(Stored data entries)
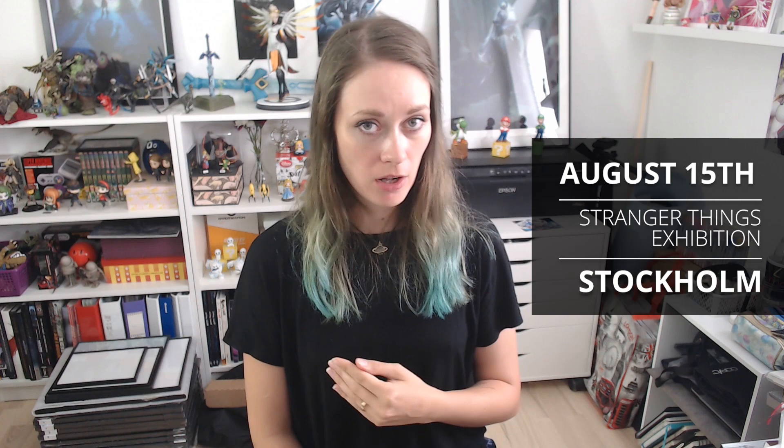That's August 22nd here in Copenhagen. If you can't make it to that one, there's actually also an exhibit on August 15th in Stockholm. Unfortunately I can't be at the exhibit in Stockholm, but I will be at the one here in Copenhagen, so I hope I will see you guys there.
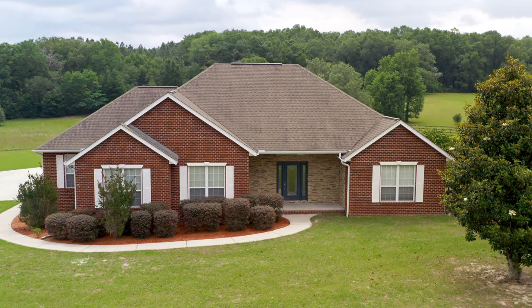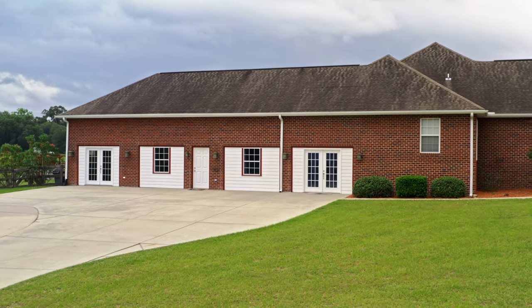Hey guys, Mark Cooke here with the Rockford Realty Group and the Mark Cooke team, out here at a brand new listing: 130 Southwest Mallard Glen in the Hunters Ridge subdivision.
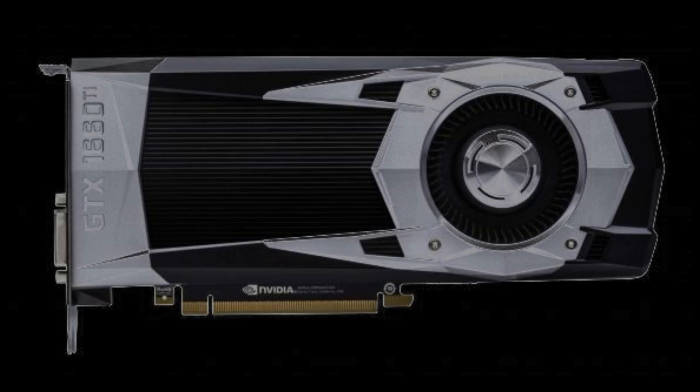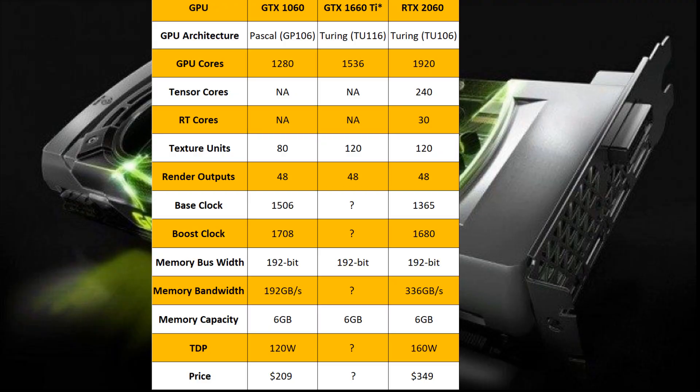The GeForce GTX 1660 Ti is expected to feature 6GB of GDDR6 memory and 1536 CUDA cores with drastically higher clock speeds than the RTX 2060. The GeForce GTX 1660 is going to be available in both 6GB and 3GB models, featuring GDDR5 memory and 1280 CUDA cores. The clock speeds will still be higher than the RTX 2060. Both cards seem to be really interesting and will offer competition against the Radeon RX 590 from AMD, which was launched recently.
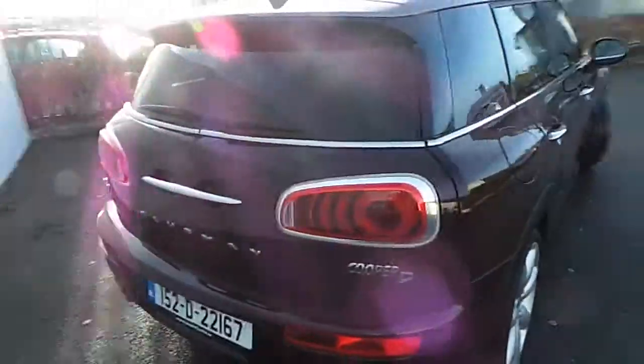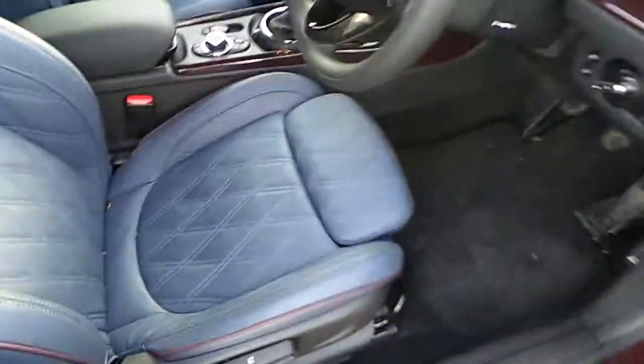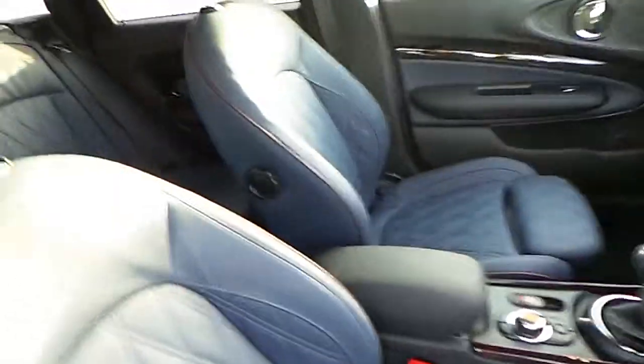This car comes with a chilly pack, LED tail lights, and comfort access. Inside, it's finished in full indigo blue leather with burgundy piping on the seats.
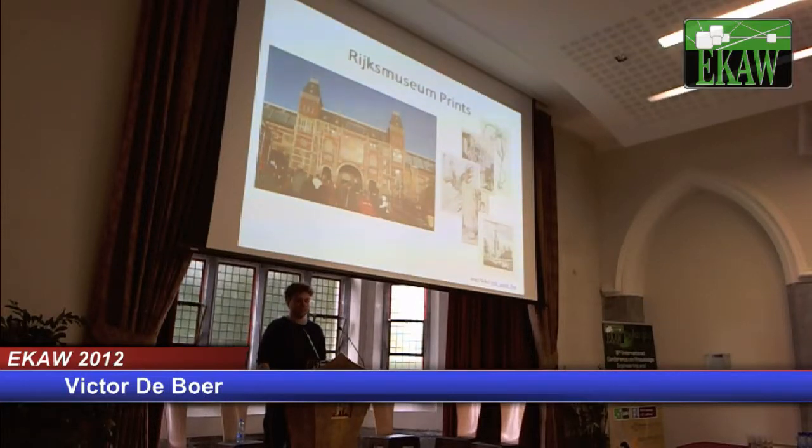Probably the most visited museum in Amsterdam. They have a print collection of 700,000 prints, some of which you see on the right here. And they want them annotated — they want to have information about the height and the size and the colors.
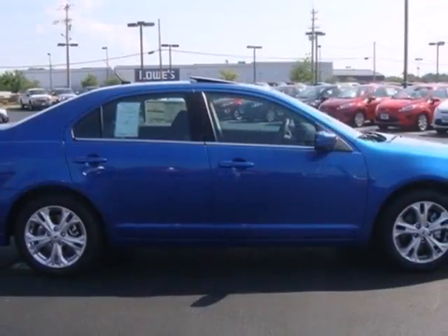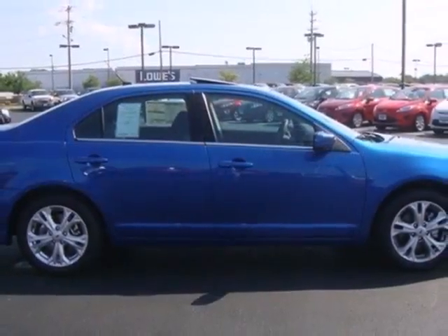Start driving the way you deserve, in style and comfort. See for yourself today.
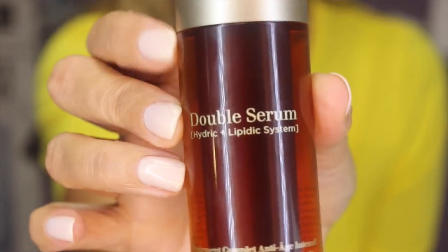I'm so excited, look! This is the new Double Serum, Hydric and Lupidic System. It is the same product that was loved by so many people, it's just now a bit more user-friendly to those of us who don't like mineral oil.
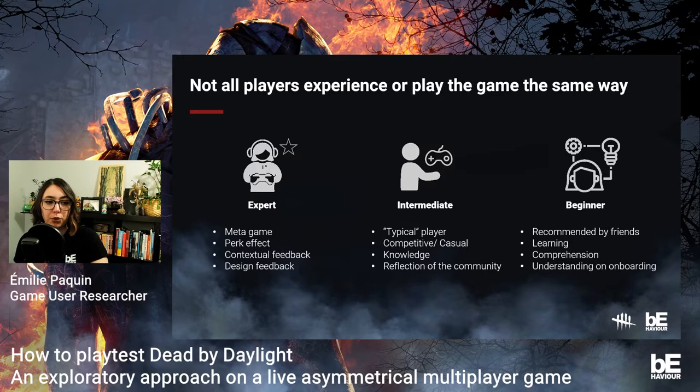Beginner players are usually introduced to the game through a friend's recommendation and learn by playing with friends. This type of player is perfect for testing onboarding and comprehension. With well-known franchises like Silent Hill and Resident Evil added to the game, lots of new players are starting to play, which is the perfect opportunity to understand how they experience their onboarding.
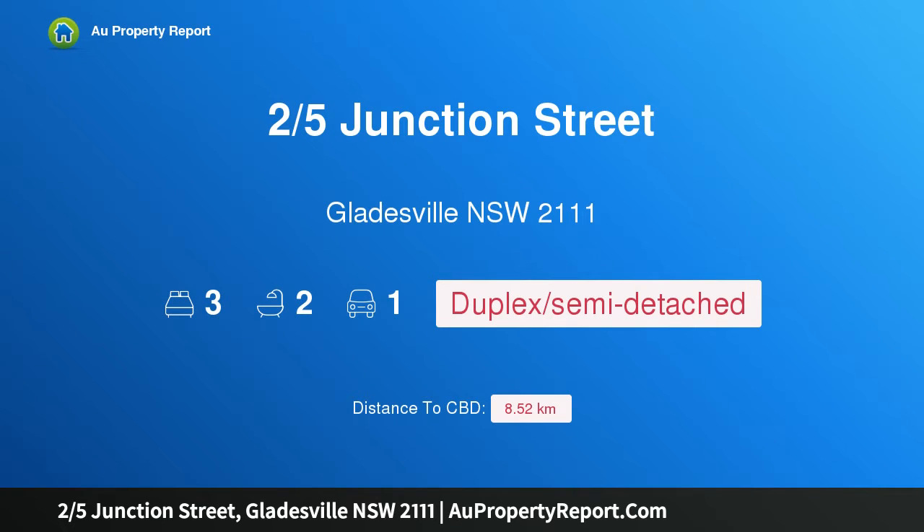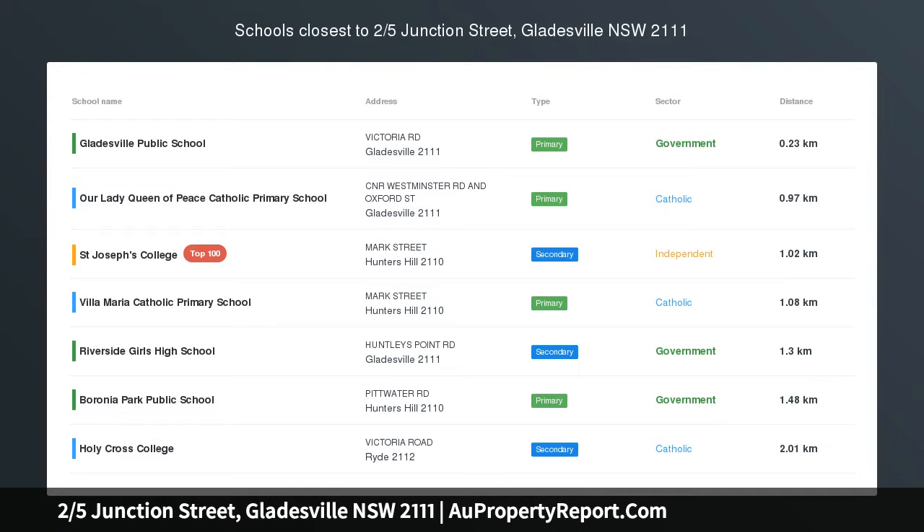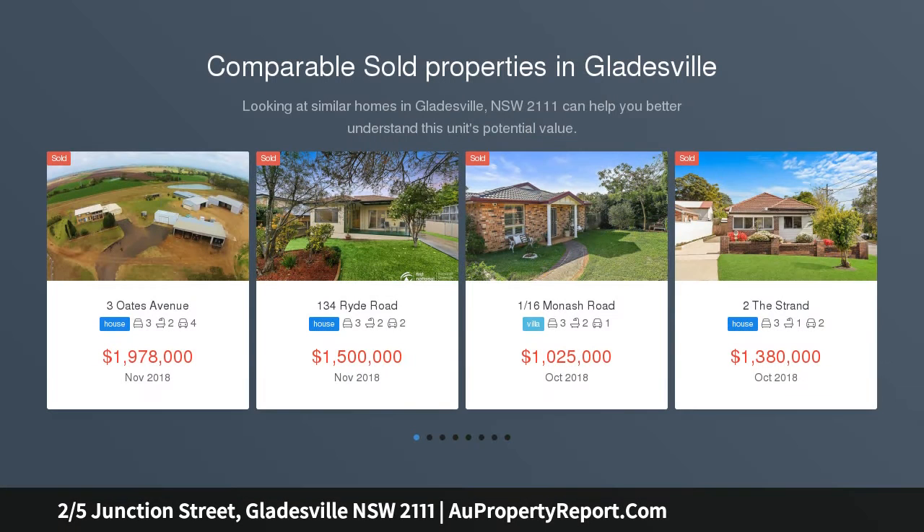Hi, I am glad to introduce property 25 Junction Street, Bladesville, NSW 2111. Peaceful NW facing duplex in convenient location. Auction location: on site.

** TASK **
Both the line above containing "The GeForce GTX 1660 Ti" and the line containing "This car comes" belong in the copy, along with every line between them; print these exactly and omit the pictures.

** RESPONSE **
The GeForce GTX 1660 Ti is expected to feature 6GB of GDDR6 memory and 1536 CUDA cores with drastically higher clock speeds than the RTX 2060. The GeForce GTX 1660 is going to be available in both 6GB and 3GB models, featuring GDDR5 memory and 1280 CUDA cores. The clock speeds will still be higher than the RTX 2060. Both cards seem to be really interesting and will offer competition against the Radeon RX 590 from AMD, which was launched recently.
This car comes with a chilly pack, LED tail lights, and comfort access. Inside, it's finished in full indigo blue leather with burgundy piping on the seats.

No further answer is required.